#### Work instructions:
Apart from the pictures, reproduce the data below exactly as it stands.

#### Data shown:
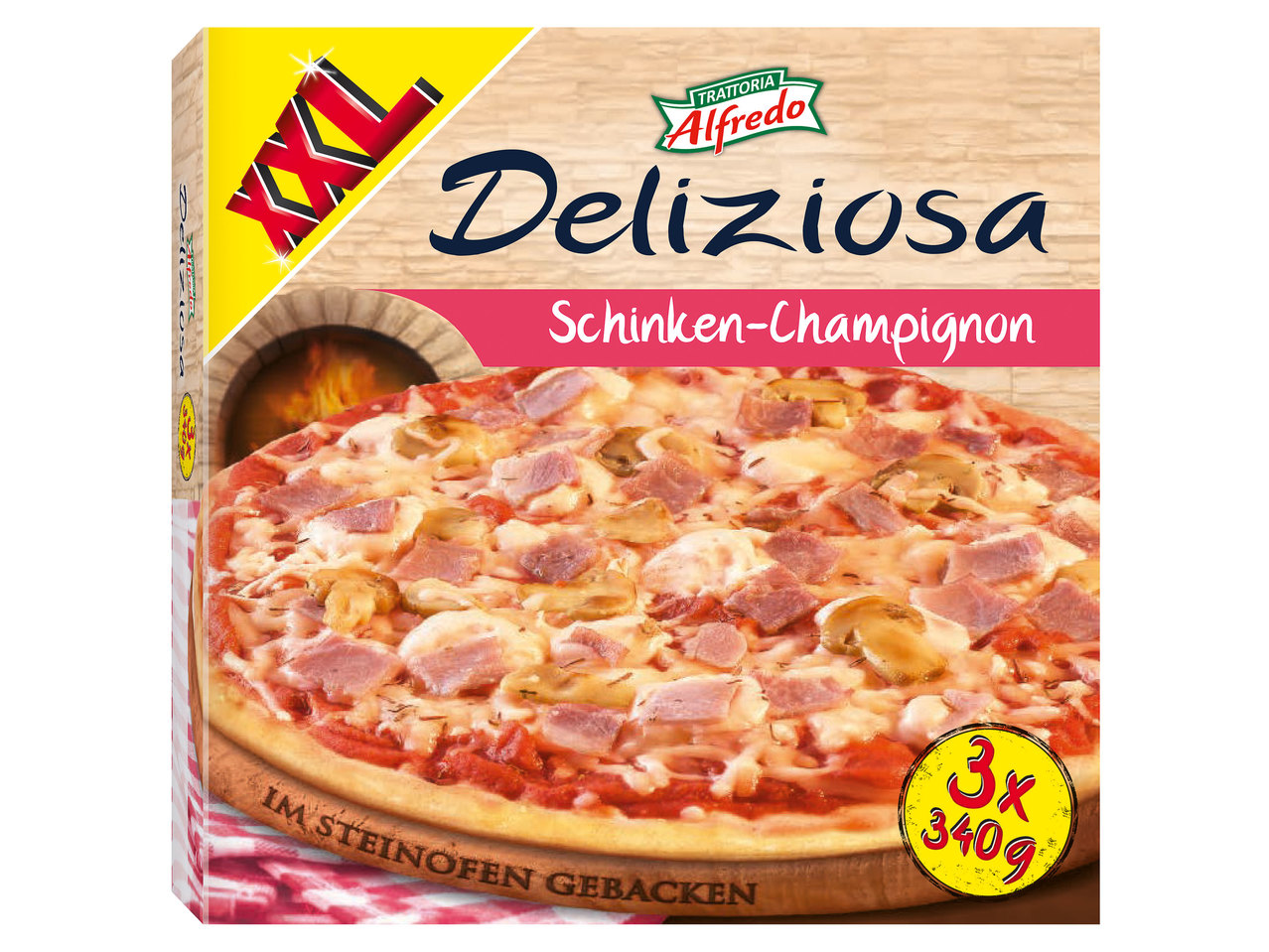 TRATTORIA ALFREDO Steinofenpizza 3x 340 g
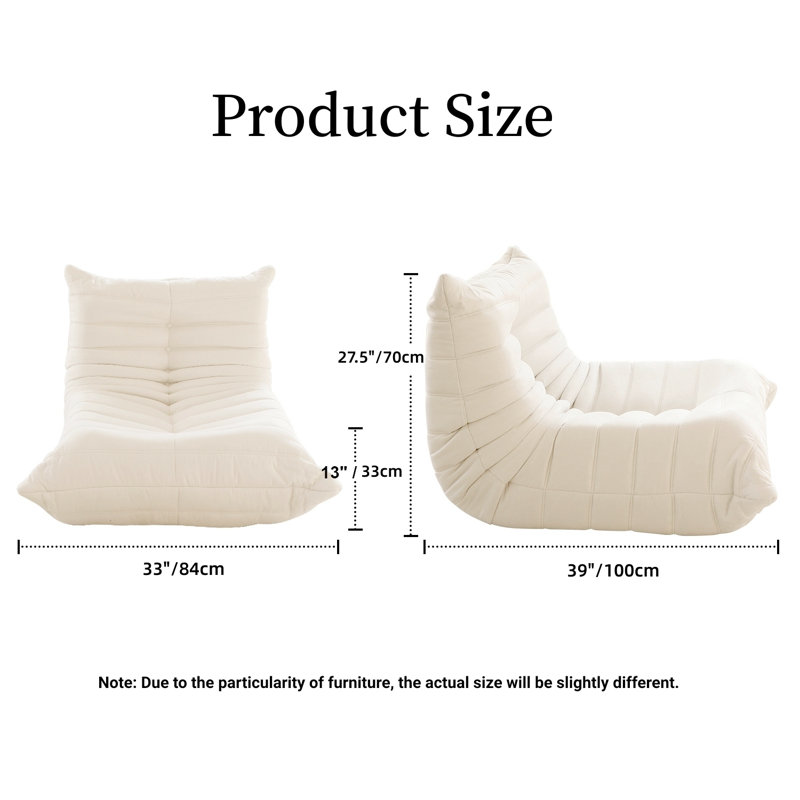 Trule Olivine Velvet Bean Bag Chair & Lounger Wayfair Canada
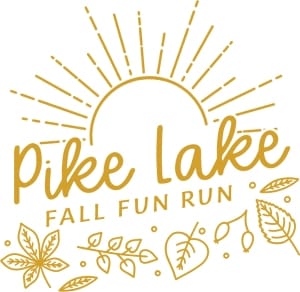Pike Lake Fall Fun Run 5K Logo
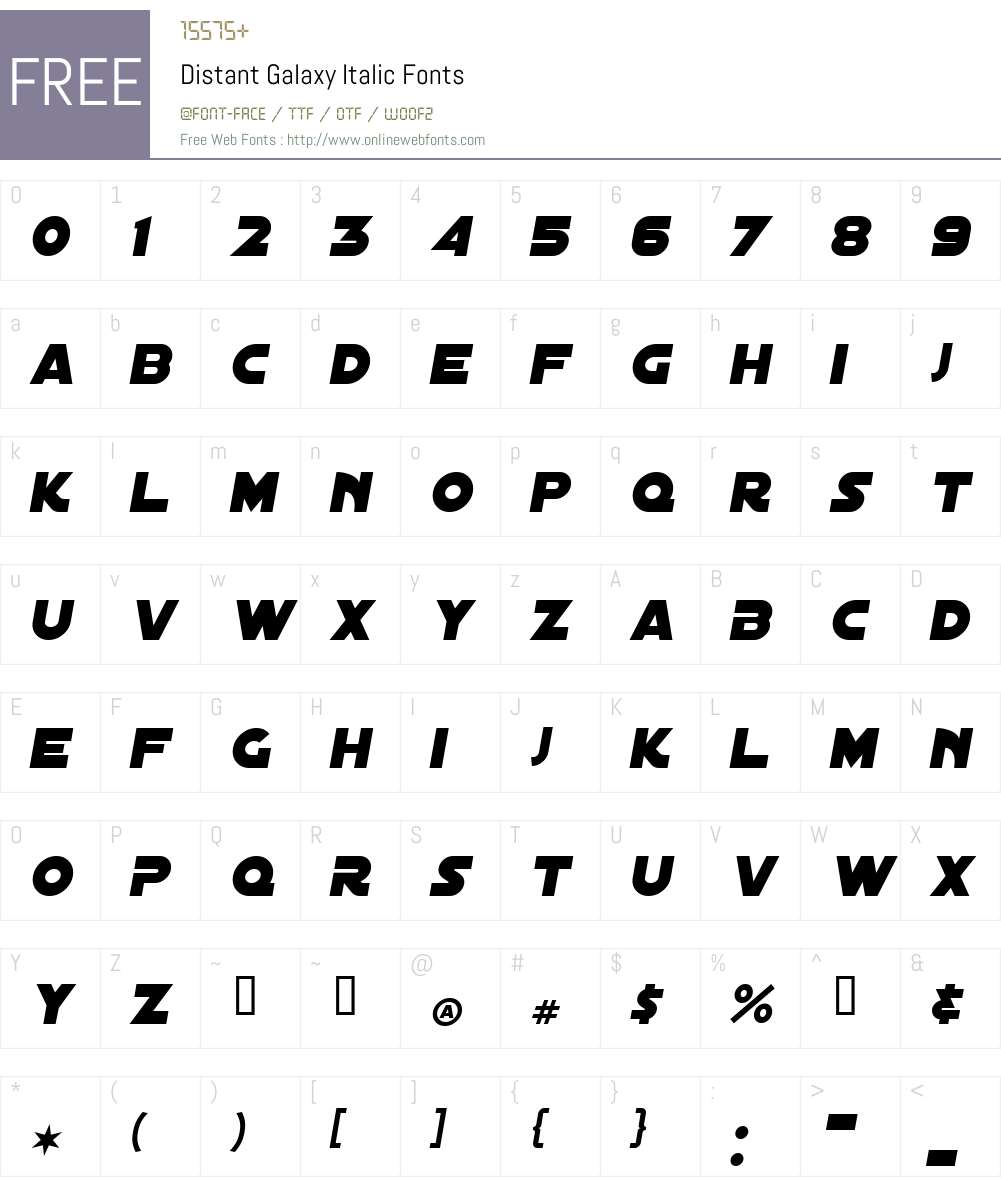 Distant Galaxy Font Screenshots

#### Solved problem:
 TRATTORIA ALFREDO Steinofenpizza 3x 340 g
 Trule Olivine Velvet Bean Bag Chair & Lounger Wayfair Canada
Pike Lake Fall Fun Run 5K Logo
 Distant Galaxy Font Screenshots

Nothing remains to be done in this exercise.